Cyber security is the kind of thing that is hardly noticed when everything is going smoothly. Unless there has been a major catastrophe in recent times, security concerns can fall to the back of an employee’s mind. This can lead to standards slipping, which is when things tend to go wrong.
The only way that you can prevent this from happening is by having regular and intensive training. Training against social engineering can take many forms, and it may be best to use a range of them in order to keep your employees engaged. These can include simple presentations on the dangers and common tactics, role playing some of the common situations, email updates and more.
One of the best ways to demonstrate the risks of social engineering to your employees is through testing. You can hire companies that will set up email phishing expeditions or mystery callers to try and extract as much information as possible from your employees. You may be surprised by how much they are willing to give out.
The benefit of doing these tests is that they can show the company’s weak points with relatively little at stake. It is much better to do some testing, then call a meeting with your employees to discuss which parts of the policy need to be addressed. The shock of how easy it was for the testers to gather information can be a great wake up call that helps to reinforce your cyber security policies. It is much better to find your company’s weak points in a test, than after a devastating attack.

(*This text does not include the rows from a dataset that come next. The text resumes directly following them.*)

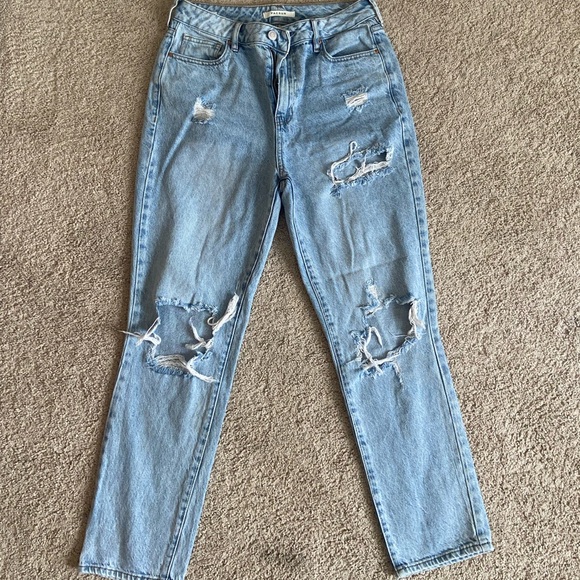 PACSUN LIGHT BLUE DISTRESSED MOM JEANS - Picture 2 of 10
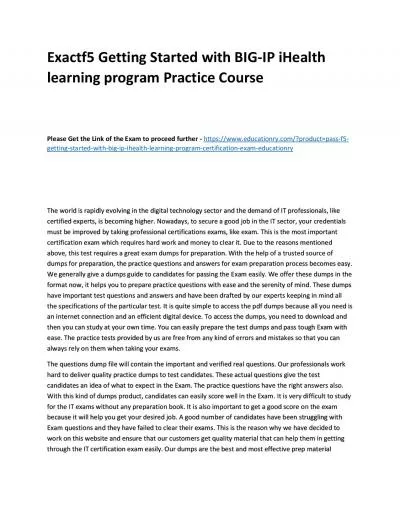 f5 Getting Started with BIG-IP iHealth learning program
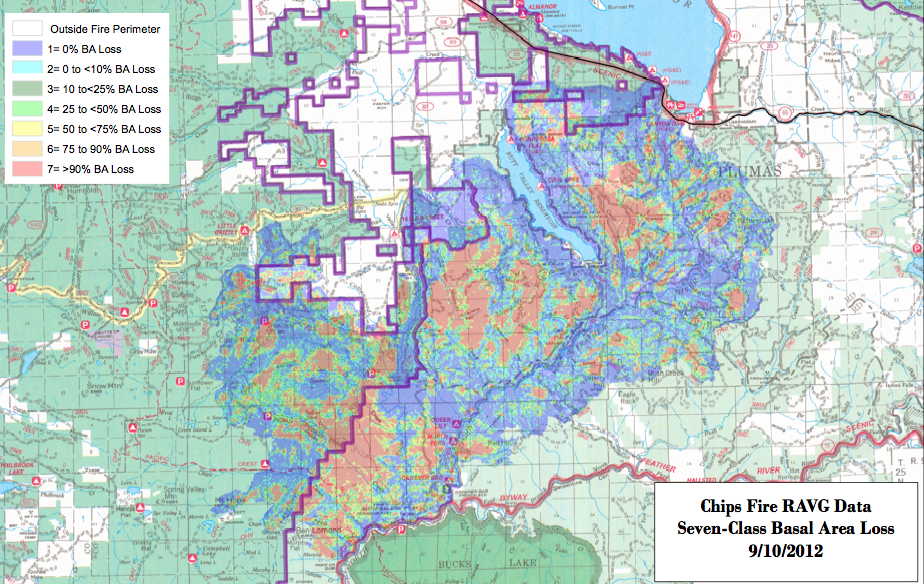 Color-coded Chips Fire map shows unthinned areas suffered greatest damage.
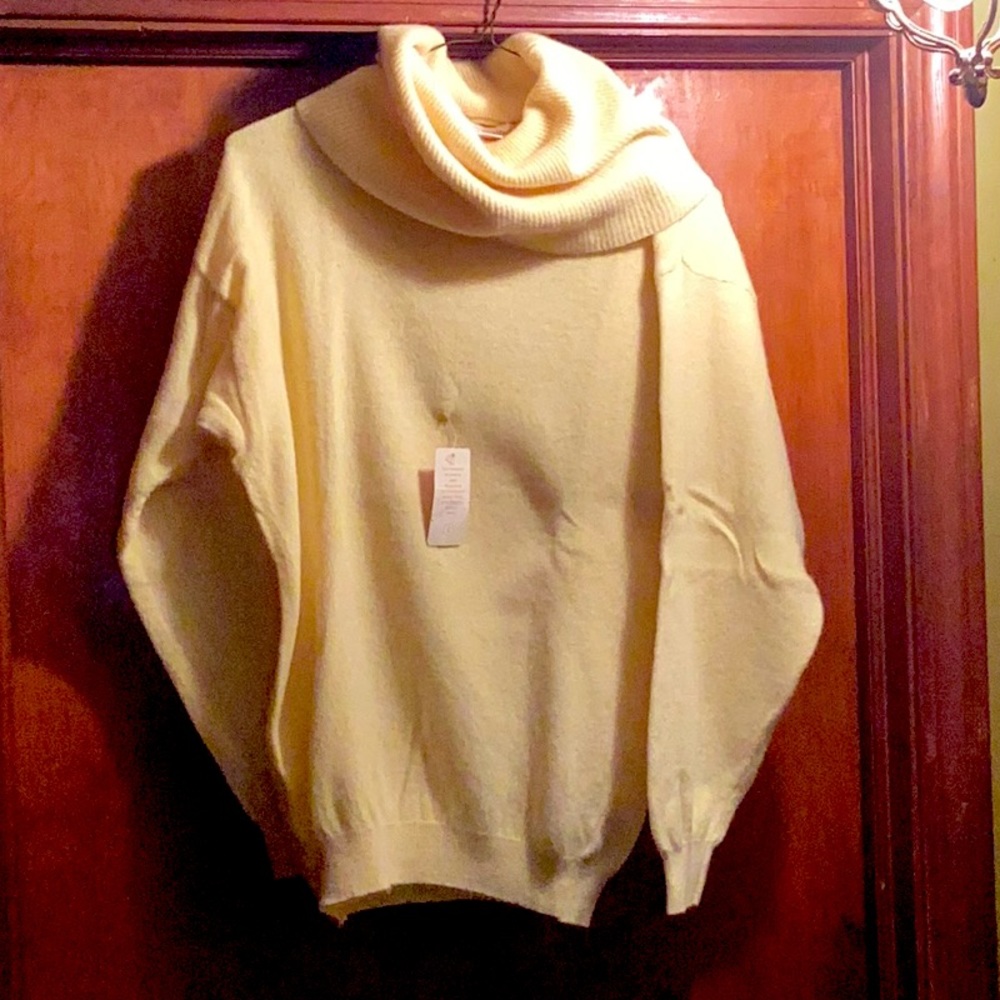 Cowl neck lambs wool sweater nwt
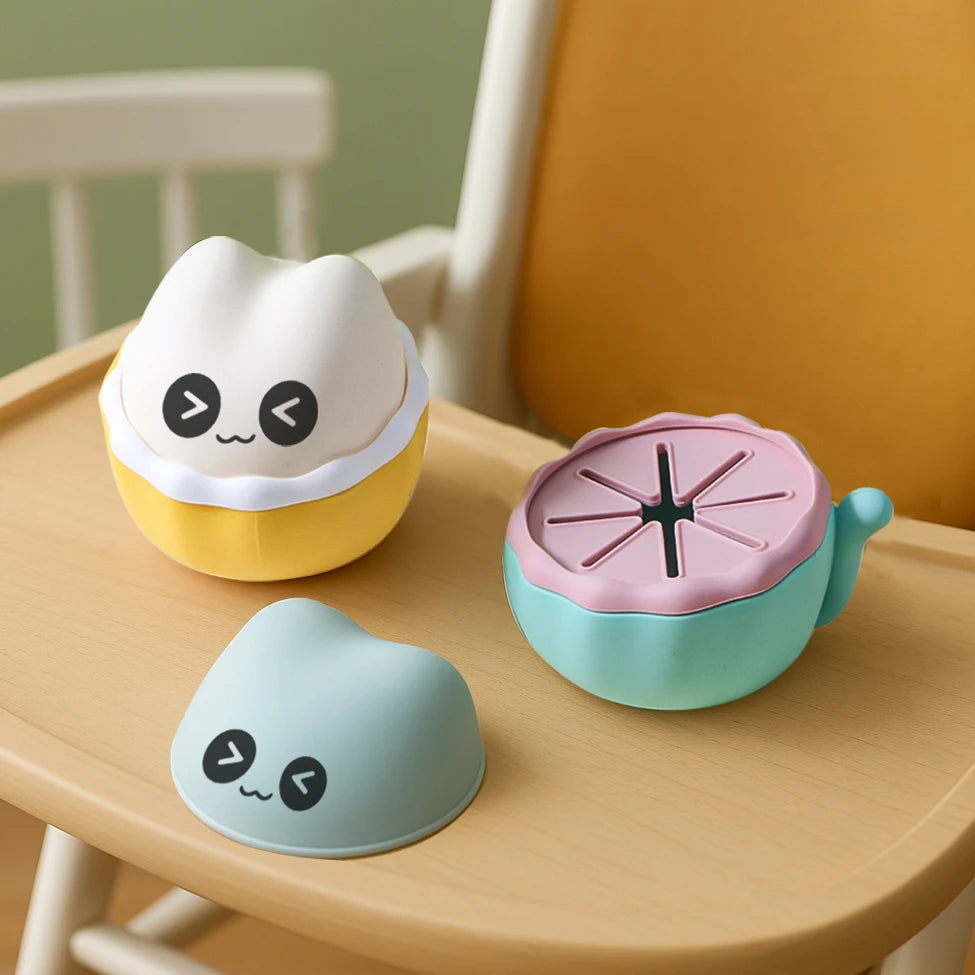 Unspillable Eco-Friendly Food Grade BPA-Free Silicone Baby Snack Bowl Set Leak-Proof Dishwasher Safe Cartoon Animal Shape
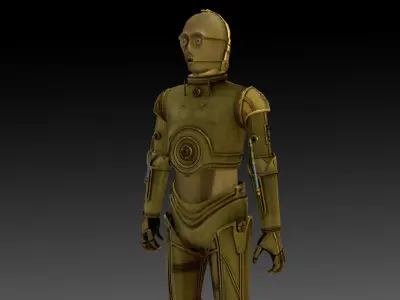 C3PO 3D Model  Humanoid AI Star Wars Low-poly 3D model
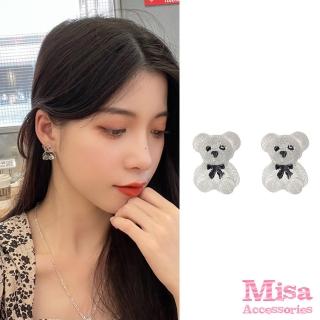 【MISA】韓國設計S925銀針可愛透明立體壓克力小熊造型耳環(925銀針耳環 可愛耳環 小熊耳環)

Keeping Your Business Safe from Social Engineering
At LuxSci, we do our best to make sure that your business is secure from a technical standpoint. Our services such as encrypted email and HIPAA-compliant web hosting can protect your business from a range of different attacks, but unfortunately these can’t prevent one of your employees from handing over their log-in credentials.
If you want your workforce to be as secure as LuxSci’s services, then you need to make sure your company has appropriate social engineering awareness, policies, training and testing in place. By being proactive, you can significantly reduce the chances of suffering a costly attack.